Given the material below, output exactly the lines from the line with "Le Relais D'agay Otel 3*" to the line with "Ankara’da ters yöne", both ends included, and no other lines.

# AVAILABLE DATA:
---
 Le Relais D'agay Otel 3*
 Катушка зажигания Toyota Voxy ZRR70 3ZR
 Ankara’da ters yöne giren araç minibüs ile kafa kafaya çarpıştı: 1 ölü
---
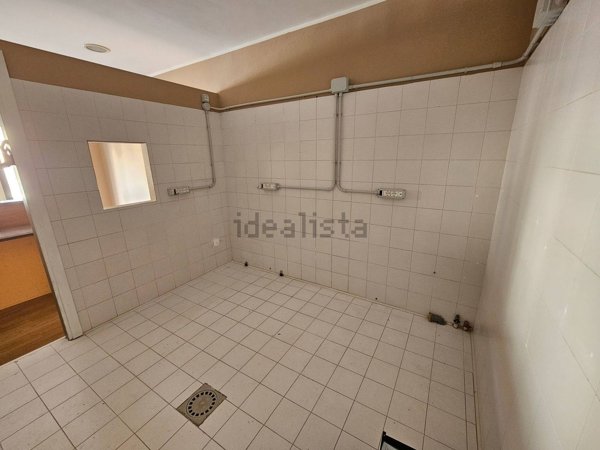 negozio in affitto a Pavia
---
# YOUR RESPONSE:
 Le Relais D'agay Otel 3*
 Катушка зажигания Toyota Voxy ZRR70 3ZR
 Ankara’da ters yöne giren araç minibüs ile kafa kafaya çarpıştı: 1 ölü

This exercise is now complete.